(EXERCISE INPUTS begins)

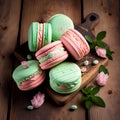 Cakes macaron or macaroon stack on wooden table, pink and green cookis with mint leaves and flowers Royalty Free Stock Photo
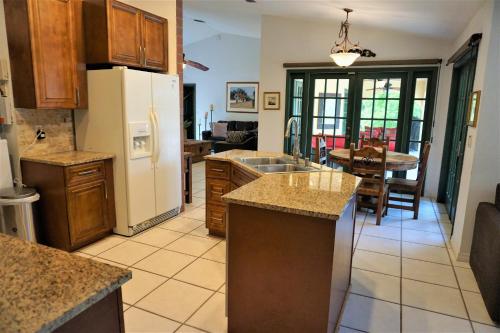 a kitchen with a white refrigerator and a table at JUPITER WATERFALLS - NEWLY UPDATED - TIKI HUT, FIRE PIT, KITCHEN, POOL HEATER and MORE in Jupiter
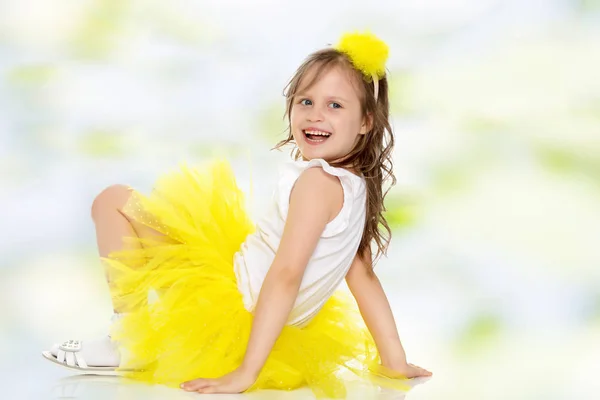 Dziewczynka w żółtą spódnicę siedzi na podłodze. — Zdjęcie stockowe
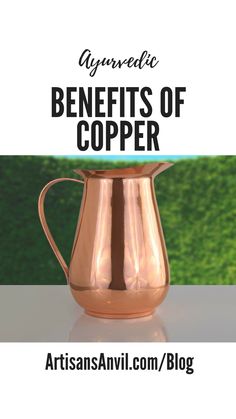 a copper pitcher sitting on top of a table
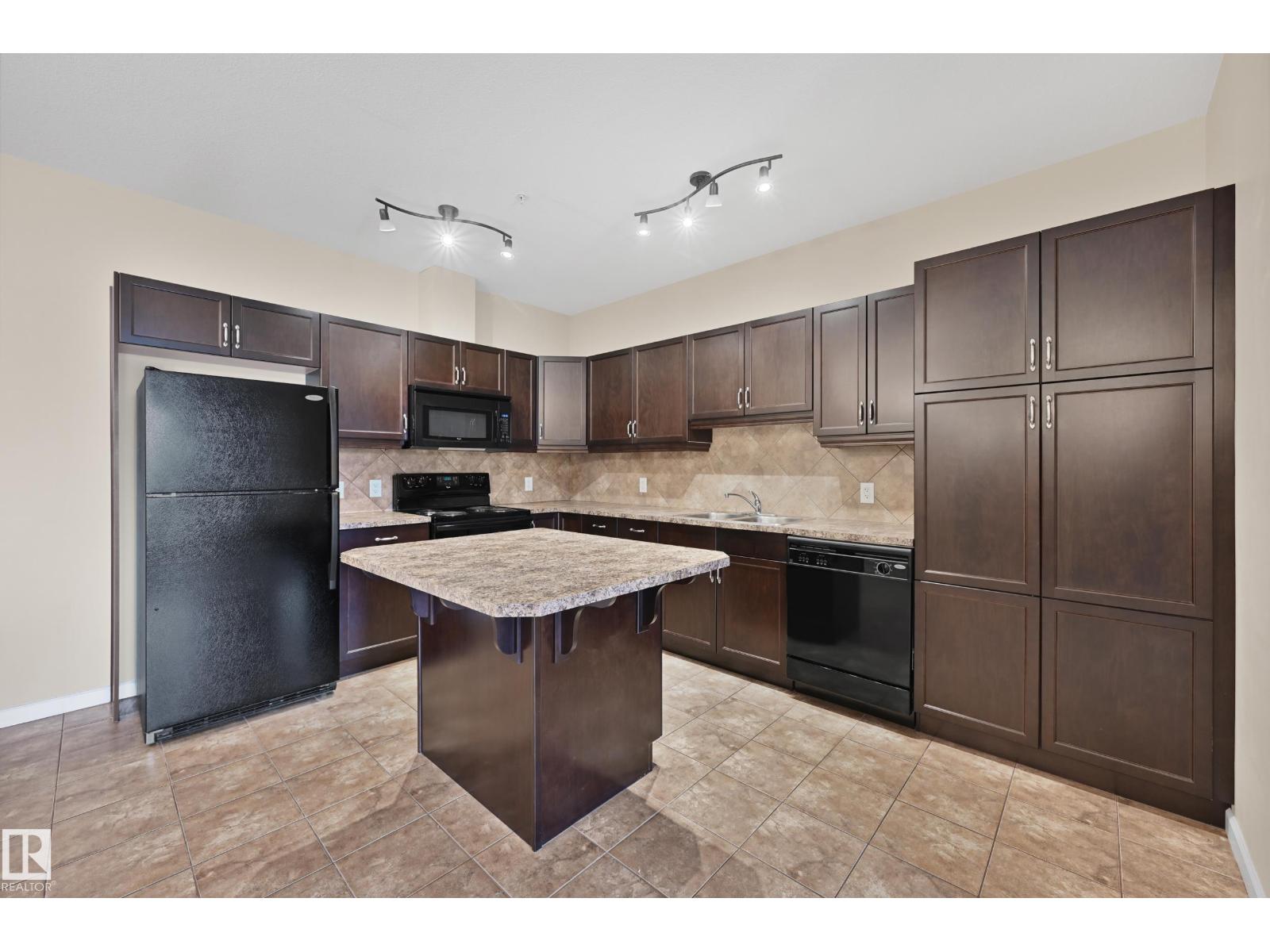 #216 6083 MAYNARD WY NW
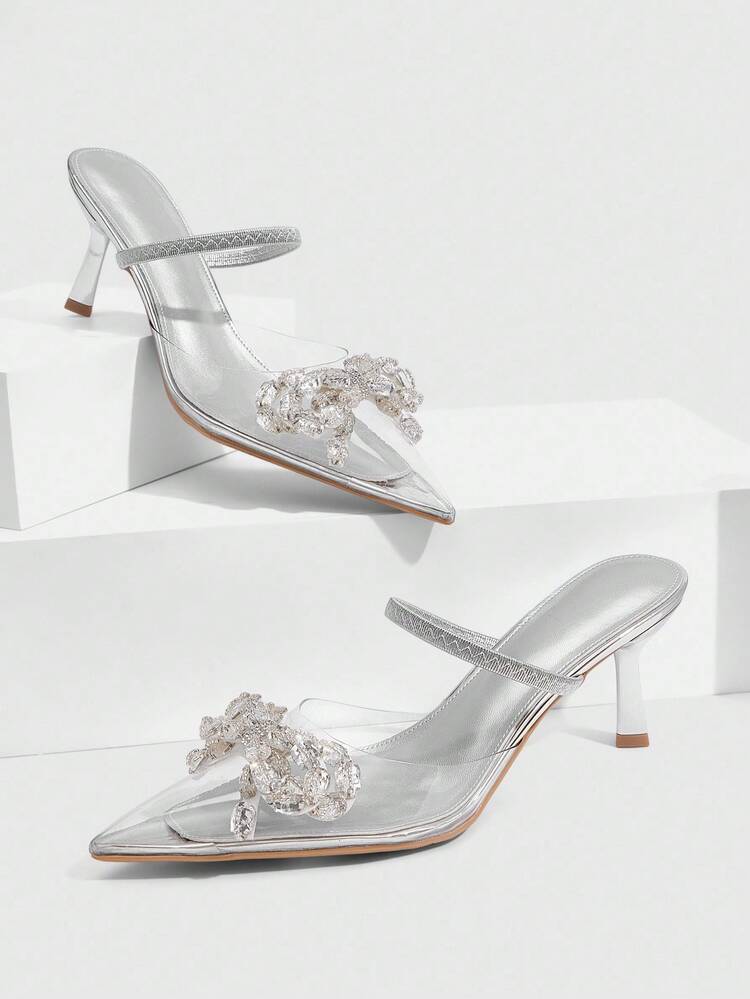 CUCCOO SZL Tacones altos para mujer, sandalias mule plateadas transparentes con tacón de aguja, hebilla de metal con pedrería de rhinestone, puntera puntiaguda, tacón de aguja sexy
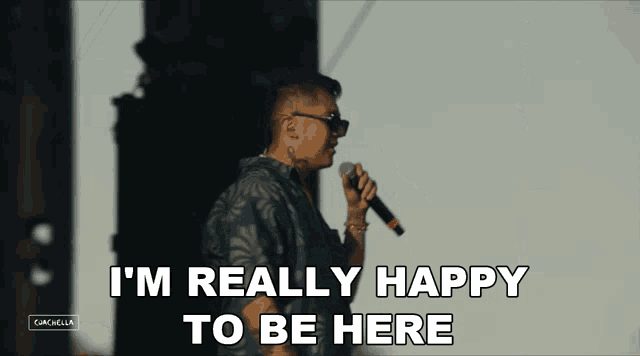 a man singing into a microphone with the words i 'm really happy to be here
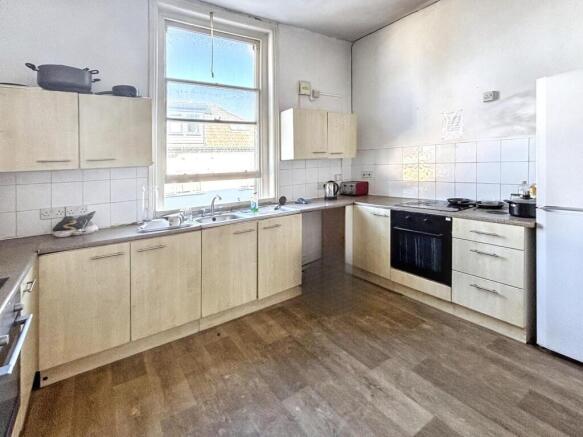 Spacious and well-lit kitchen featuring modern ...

(EXERCISE INPUTS ends)

### PROBLEM STATEMENT
The line with "#216 6083 MAYNARD WY NW" marks the end: restate word for word every line from the top of the data through that one, omitting pictures.

### RESULT OF THE TASK
 Cakes macaron or macaroon stack on wooden table, pink and green cookis with mint leaves and flowers Royalty Free Stock Photo
 a kitchen with a white refrigerator and a table at JUPITER WATERFALLS - NEWLY UPDATED - TIKI HUT, FIRE PIT, KITCHEN, POOL HEATER and MORE in Jupiter
 Dziewczynka w żółtą spódnicę siedzi na podłodze. — Zdjęcie stockowe
 a copper pitcher sitting on top of a table
 #216 6083 MAYNARD WY NW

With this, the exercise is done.